Parece coisa de filme. A 10 de fevereiro, a Federação anunciava que a sua sede tinha sido assaltada durante a noite, e levados o computador do presidente Fernando Gomes e da sua assistente. Insinuava um objetivo «claro e específico» por trás do assalto e reproduzia declarações de Gomes a acompanhar, dizendo que não cederia a «estratégias de intimidação». Dias depois o mistério adensava-se, com a informação de que afinal também tinha desaparecido o computador de Vítor Pereira, o presidente do Conselho de Arbitragem. No início de dezembro foi detido um suspeito e, ao que parece, recuperados os objetos furtados. Veremos se foi o epílogo daquele que é seguramente o mais estranho caso do ano no futebol português.

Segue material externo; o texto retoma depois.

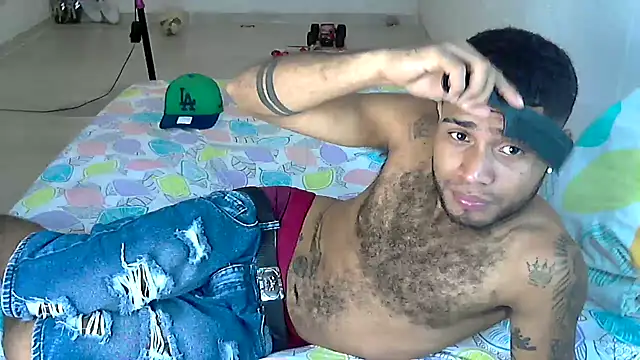 Snapshot of AXionX chatting on February 2026 03:13:02 AM AXionX online show from February 2026 03:13:02 AM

Queiroz, o gesto e a seleção da Coreia

Carlos Queiroz apurou o Irão para o Mundial 2014 e será um de três selecionadores portugueses na fase final, com Paulo Bento e Fernando Santos. Mas não sem polémica, mais uma vez. Antes da decisão frente à Coreia do Sul, o treinador português envolveu-se numa troca de palavras com o seu homólogo coreano, Choi Kang-hee, no aquecimento para o duelo decisivo rumo ao Mundial. A tensão já vinha do primeiro jogo, no Irão, quando Choi acusou os adversários de comportamentos intimidatórios. De caminho, Queiroz insinuou que a Coreia levantou o pé no jogo com o Uzbequistão. A 18 de junho, o Irão foi vencer à Coreia do Sul (1-0) e garantiu o apuramento em primeiro lugar no grupo. Queiroz não resistiu a dirigir-se ao banco coreano com um gesto que os adversários qualificaram de obsceno, pedindo à FIFA que investigasse. O caso deixou marcas. Choi foi afastado depois da derrota com o Irão e mais tarde as duas federações sentiram necessidade de fazer algo para aplacar a tensão, assinando um protocolo bilateral de intercâmbio desportivo.

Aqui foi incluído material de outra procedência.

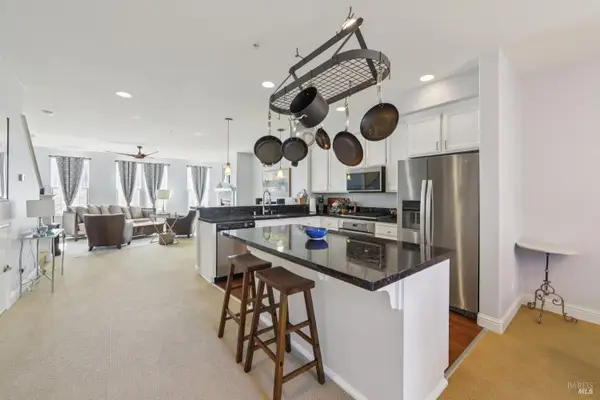 125 Johnson Street, Windsor, CA 95492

Mudaram nomes, a conversa continuou sujinha

Um 11º caso para assinalar um ano de muitos gritos no futebol português. Talvez não mais que o costume, mas com novos nomes na discussão. João Capela, árbitro do dérbi de abril, esteve no centro de uma das grandes polémicas de 2013. Jesus disse que foi «limpinho» e deu o pretexto para Vítor Pereira denunciar um campeonato «sujinho, sujinho», quando entregou na sala de imprensa a Liga, antes de a vencer. Num ano em que a arbitragem pareceu mais exposta do que já esteve, apesar do marco que foi o avanço na profissionalização, as críticas, mais uma vez, não dependeram da cor, só de resultados desfavoráveis. A chegada de novo presidente a Alvalade também contribuiu para aumentar o ruído. Bruno de Carvalho falou, e muito, criticou, e muito. Pelo meio cortou relações com o FC Porto por causa de um incidente pessoal com um dirigente dos dragões. E acabou o ano na sala de imprensa de Alvalade a falar em vergonha. Novidades, talvez para o ano.